Cormac McCarthy's first novel, published in 1965. Unlike McCarthy's later work, this novel is set in the South. It tells the story of a young boy and his relationship with a bootlegger who has murdered his father. The interesting part is neither of them knows this -- the bootlegger has no idea the guy he killed has any relationship to the kid, and the kid has no idea what happened to his father. They develop a pretty touching relationship. The bootlegger takes the kid hunting, gives him a dog, and generally treats the like a younger brother or surrogate son.

While the book is an interesting view of McCarthy's early style, a lot of readers don't find it as gripping as the novels publised in the 1990s. Even with murder and bootlegging, it lacks some of the intensity you see in, say, Blood Meridian.

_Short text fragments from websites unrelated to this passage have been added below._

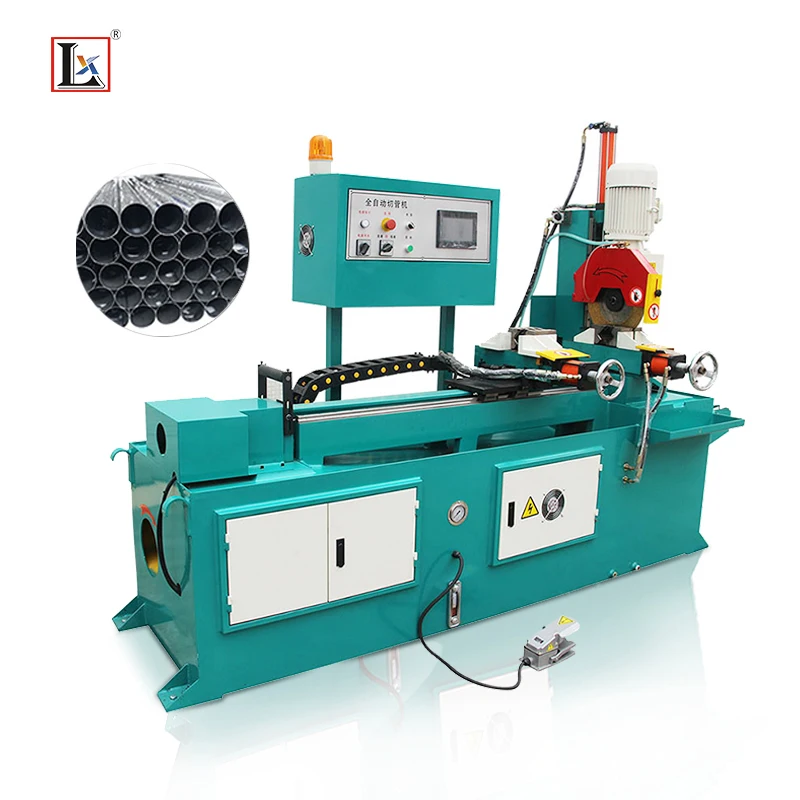 パキスタン Mc425cncサーボ送り自動金属丸鋸パイプ切断機 Buy Cnc Automatic Pipe Cutting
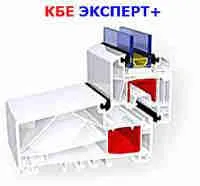 Profil de fereastră KBE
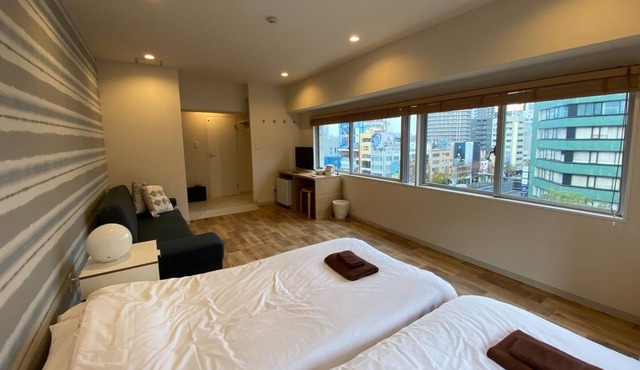 701 HOTEL Omotesando Stories / Minato-ku Tokyo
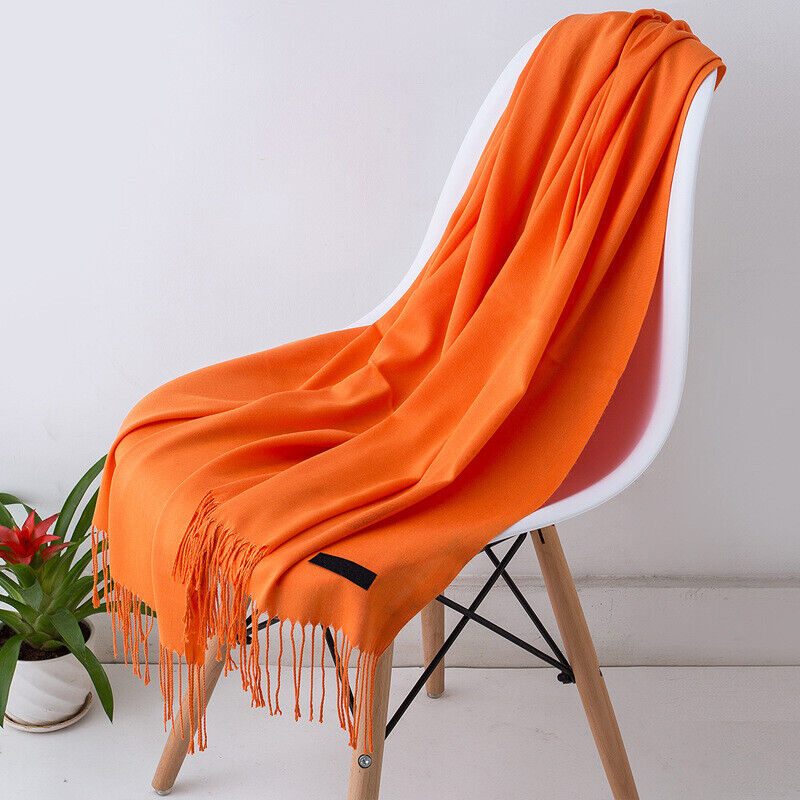 Luxury Cashmere Scarf Warm and Cozy Long Wrap
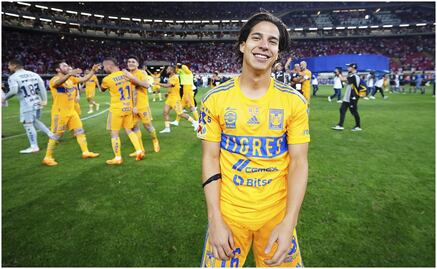 Diego Lainez asegura que llegar a Tigres fue la mejor decisión de su carrera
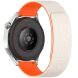 Ремешок Deexe Magnetic Silicone Strap для Huawei Watch GT 5 (46mm) - Starlight / Orange (895543SO). Фото 1 из 6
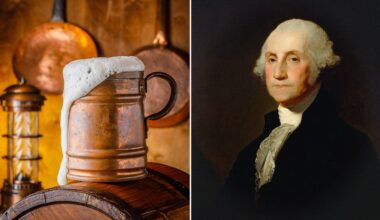 George Washington's beer recipe from 1757 recreated by New York brewery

I really liked this passage:

"In Saunder's field a shallow marsh, calm and tractable beneath the dimpling rain. And yet rain. What low place did not hold water? At the end of McCall's pond water fell thunderously into the sinkhole that drained it. Along Little River the flats stood knee-deep in livercolored water flecked with thatches of small driftwood and foram that coiled and spun near imperceptably, or rocked with wind-riffles passing under them. By day flocks of rails gathered. A pair of bitterns stalked with gimlet eyes the fertile shallows. At night the tidelands rang with peepers, with frogs gruffly choral. Great scaly gars from the river invaded the flats, fierce and primative of aspect, long beaks full of teth, ancient fishes survived unchanged from mesozoic fens, their yellowed boness skeletons graced the cracked claybeds later in the season where the water left them to what querulous harridans, fishcrow or buzzard, might come to glean their frames, the smelly marvel of small boys."